Auxiliary Equipment and Techniques


At the Argonne National Laboratory (ANL) Physics Division target facility we have employed the rolling technique to produce a wide variety of foil targets covering isotopes over most of the periodic chart. Another area where the rolling method is used is for the preparation of numerous filters, degrader foils and various windows needed for detectors and gas cell targets. The apparatus employed for mechanical rolling of metal foils is a Durston Type SE/EX electric rolling mill obtained from Frei & Borel. It consists of two hardened and polished rolls of width 120 mm working size and a diameter of 60 mm.

Rolling mill

New rolling mill acquired in March 1997.

Rolling mill

Previous rolling mill, now relocated to the Radioactive
Materials Laboratory for rolling U and Th foils.
J.P. Greene and G.E. Thomas, Physics Div., Argonne National Lab. PHY-8557-HI-96 (1997).

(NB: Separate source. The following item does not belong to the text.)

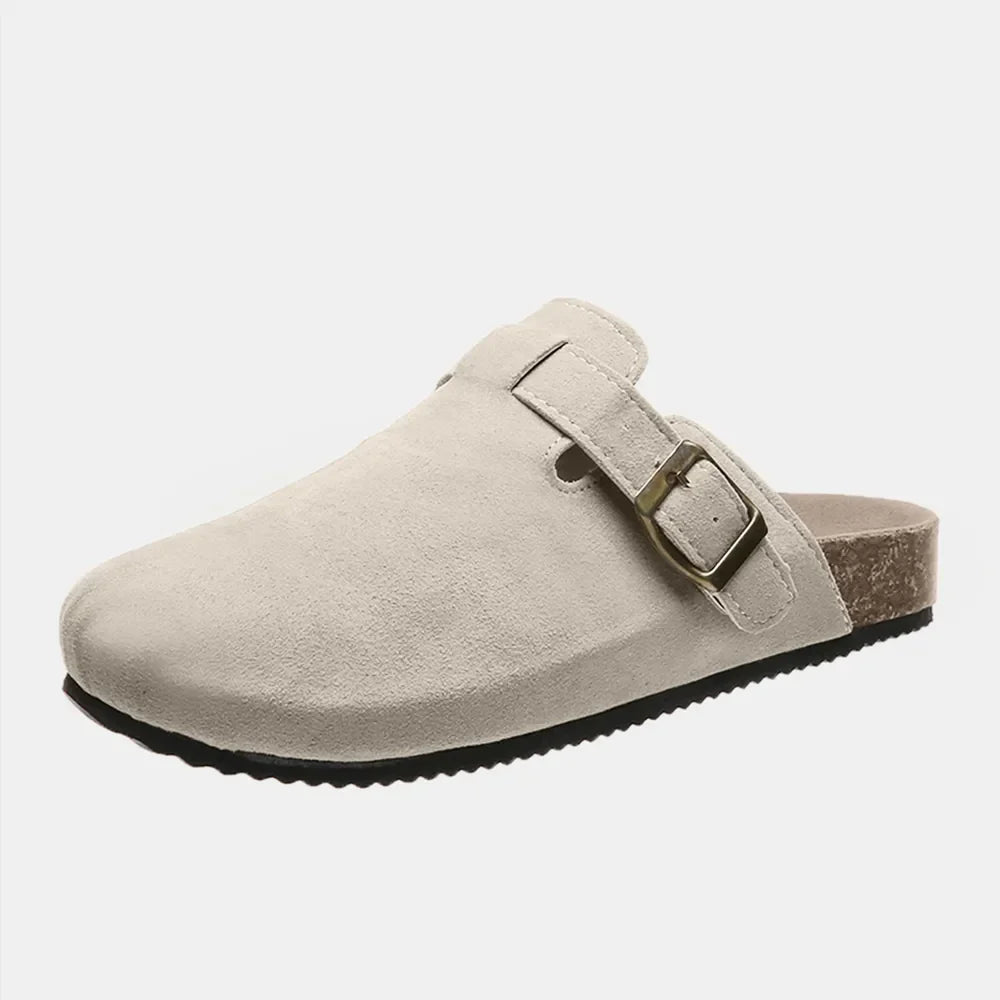 Beige suede clog slides with adjustable buckle and cork sole.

Recent research has shown electrodeposition a useful process in the production of certain targets (for example Cd and Zn). We have found that the method of electrolytic reduction is quite economical for extracting isotopic metals to be used later for rolling or evaporation. A photograph is given below showing the experimental set-up in detail.

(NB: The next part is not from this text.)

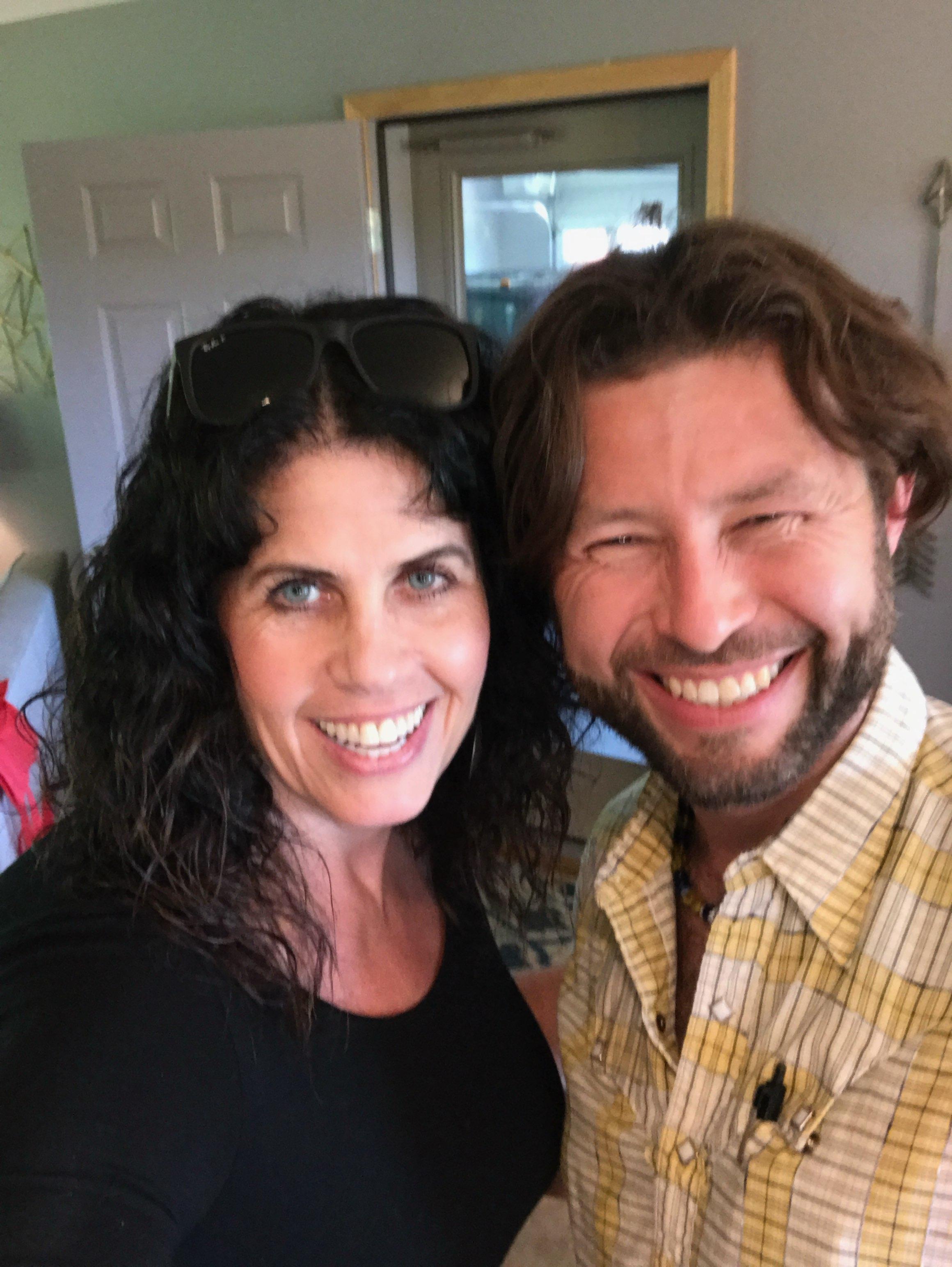 A man and woman smiling for a selfie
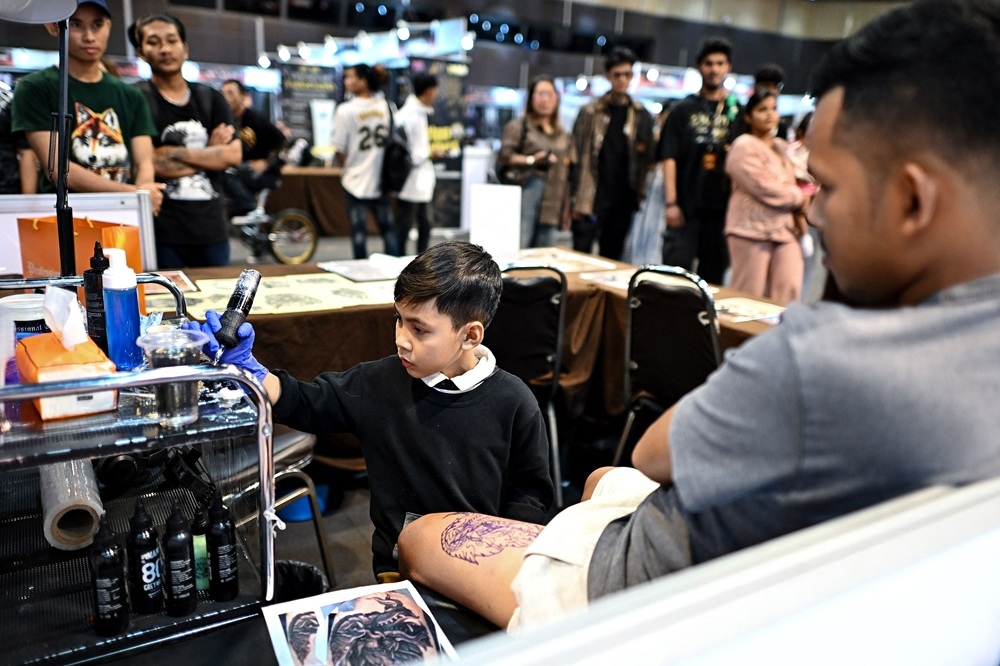 Nine-year-old Napat Mitmakorn, a Thai child tattoo artist works on his uncle’s tattoo at the 2025 Thailand Tattoo Expo in Bangkok. — AFP pic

Experimental set-up for electro-deposition.


INTDS Newsletter. 26(2), 11-17, 1999.



Alpha Particle Counting System

As a check of the deposited film thickness as measured using a quartz oscillator, an alternate means of measuring target thickness is desirable. A set-up was constructed within the target laboratory to determine target thickness using the energy loss of alpha particles from a 249Cf source. An ADC data-acquisition board and software were purchased for our laboratory computer for this purpose. Target thickness is obtained from the measured energy loss, determined specific to the target material, and calculated using Ziegler's formulas. The foil to be measured is placed within a mechanically-pumped vacuum chamber between the 249Cf source and a silicon surface-barrier detector. Small apertures are positioned above and below the target in order to collimate the alpha particles.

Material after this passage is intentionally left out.